Short text fragments from websites
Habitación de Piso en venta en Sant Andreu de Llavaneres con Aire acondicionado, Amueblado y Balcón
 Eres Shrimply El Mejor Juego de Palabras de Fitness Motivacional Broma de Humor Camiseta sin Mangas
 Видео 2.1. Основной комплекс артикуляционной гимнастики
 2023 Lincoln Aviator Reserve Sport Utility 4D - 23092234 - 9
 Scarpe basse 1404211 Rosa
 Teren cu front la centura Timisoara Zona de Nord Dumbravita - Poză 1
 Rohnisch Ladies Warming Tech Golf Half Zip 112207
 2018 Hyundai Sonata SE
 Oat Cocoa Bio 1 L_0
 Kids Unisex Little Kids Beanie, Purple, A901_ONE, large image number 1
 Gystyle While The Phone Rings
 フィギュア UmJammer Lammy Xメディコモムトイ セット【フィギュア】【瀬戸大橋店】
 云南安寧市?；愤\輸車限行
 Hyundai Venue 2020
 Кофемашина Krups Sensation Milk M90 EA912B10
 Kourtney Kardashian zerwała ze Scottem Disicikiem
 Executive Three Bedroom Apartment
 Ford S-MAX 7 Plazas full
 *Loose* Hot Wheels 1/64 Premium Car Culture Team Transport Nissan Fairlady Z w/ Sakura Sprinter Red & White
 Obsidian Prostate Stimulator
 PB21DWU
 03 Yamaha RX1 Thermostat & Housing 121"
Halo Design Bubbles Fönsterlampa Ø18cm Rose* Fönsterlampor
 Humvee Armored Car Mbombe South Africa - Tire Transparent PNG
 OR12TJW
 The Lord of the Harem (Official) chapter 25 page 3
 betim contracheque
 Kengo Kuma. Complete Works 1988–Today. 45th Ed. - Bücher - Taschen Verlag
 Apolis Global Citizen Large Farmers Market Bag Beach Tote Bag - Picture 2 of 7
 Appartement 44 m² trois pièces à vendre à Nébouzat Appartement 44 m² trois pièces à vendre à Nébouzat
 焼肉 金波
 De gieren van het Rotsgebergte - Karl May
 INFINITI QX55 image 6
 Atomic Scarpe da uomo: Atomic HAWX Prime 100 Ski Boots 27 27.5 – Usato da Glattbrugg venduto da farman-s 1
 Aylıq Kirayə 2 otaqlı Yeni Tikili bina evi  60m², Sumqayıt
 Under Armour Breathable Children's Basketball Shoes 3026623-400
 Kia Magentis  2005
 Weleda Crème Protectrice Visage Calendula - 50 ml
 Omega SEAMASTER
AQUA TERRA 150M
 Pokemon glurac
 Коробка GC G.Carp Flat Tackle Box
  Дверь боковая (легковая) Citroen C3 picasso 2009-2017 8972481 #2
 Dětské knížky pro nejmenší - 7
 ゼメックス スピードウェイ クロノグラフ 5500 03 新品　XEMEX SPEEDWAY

Prompt:
Copy out each line of the data above, exactly, if it lies between the line holding "Видео 2.1. Основной" and the line holding "Oat Cocoa Bio 1 L_0", inclusive; copy no other line.

Written response:
 Видео 2.1. Основной комплекс артикуляционной гимнастики
 2023 Lincoln Aviator Reserve Sport Utility 4D - 23092234 - 9
 Scarpe basse 1404211 Rosa
 Teren cu front la centura Timisoara Zona de Nord Dumbravita - Poză 1
 Rohnisch Ladies Warming Tech Golf Half Zip 112207
 2018 Hyundai Sonata SE
 Oat Cocoa Bio 1 L_0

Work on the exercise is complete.